WHAT IS BEING ASKED: Omit the images. Copy each entry word for word.

INFORMATION SUPPLIED:
+ + +

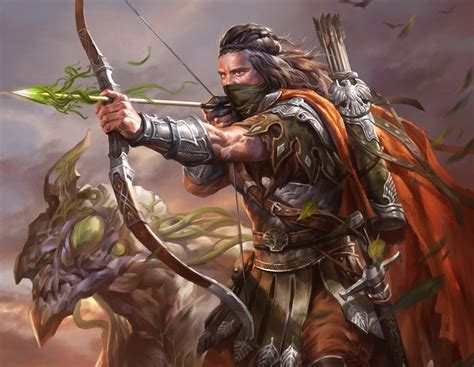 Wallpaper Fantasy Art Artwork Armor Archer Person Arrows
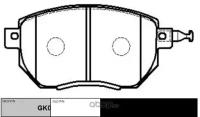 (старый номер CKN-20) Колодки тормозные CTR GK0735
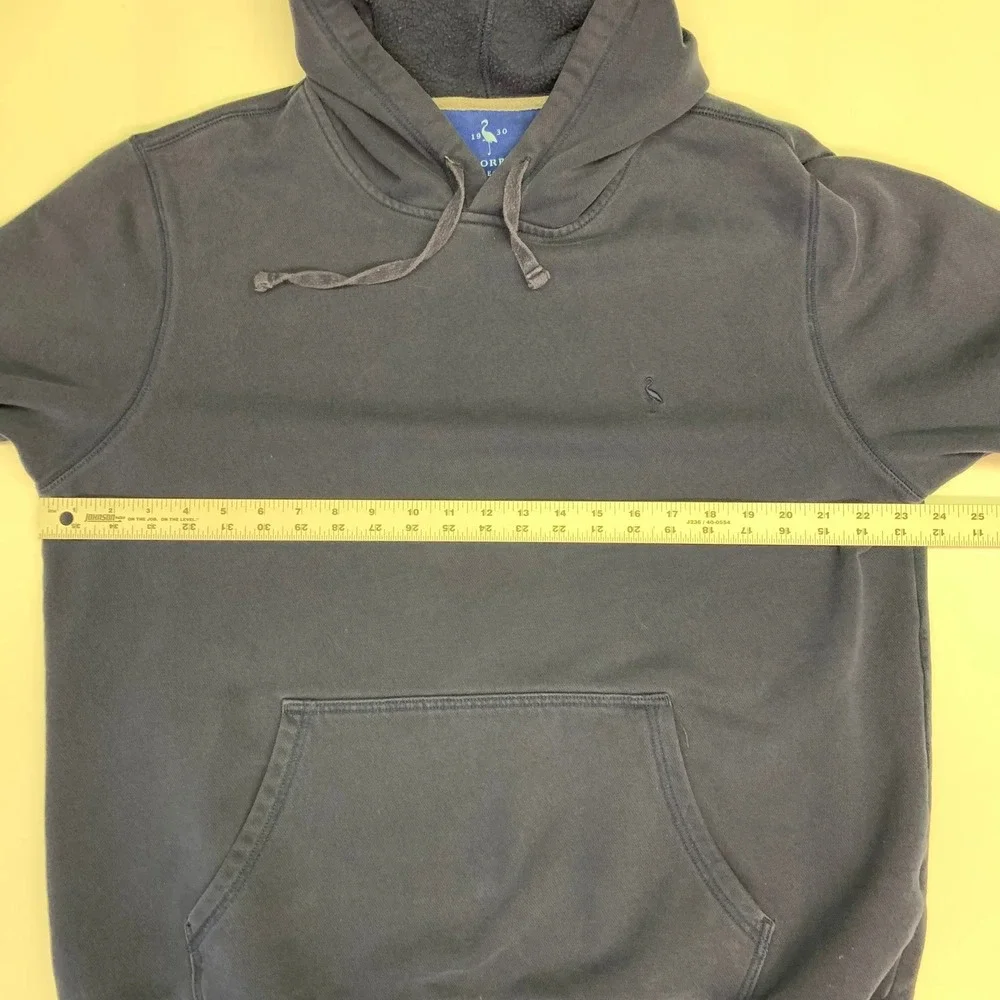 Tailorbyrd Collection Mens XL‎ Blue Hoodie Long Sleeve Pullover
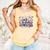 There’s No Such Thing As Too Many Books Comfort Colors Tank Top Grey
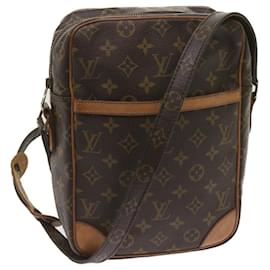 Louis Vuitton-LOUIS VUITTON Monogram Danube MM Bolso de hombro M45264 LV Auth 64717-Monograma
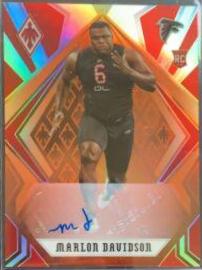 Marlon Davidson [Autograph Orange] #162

+ + +

OUTPUT OF THE EXERCISE:
 Wallpaper Fantasy Art Artwork Armor Archer Person Arrows
 (старый номер CKN-20) Колодки тормозные CTR GK0735
 Tailorbyrd Collection Mens XL‎ Blue Hoodie Long Sleeve Pullover
 There’s No Such Thing As Too Many Books Comfort Colors Tank Top Grey
 Louis Vuitton-LOUIS VUITTON Monogram Danube MM Bolso de hombro M45264 LV Auth 64717-Monograma
 Marlon Davidson [Autograph Orange] #162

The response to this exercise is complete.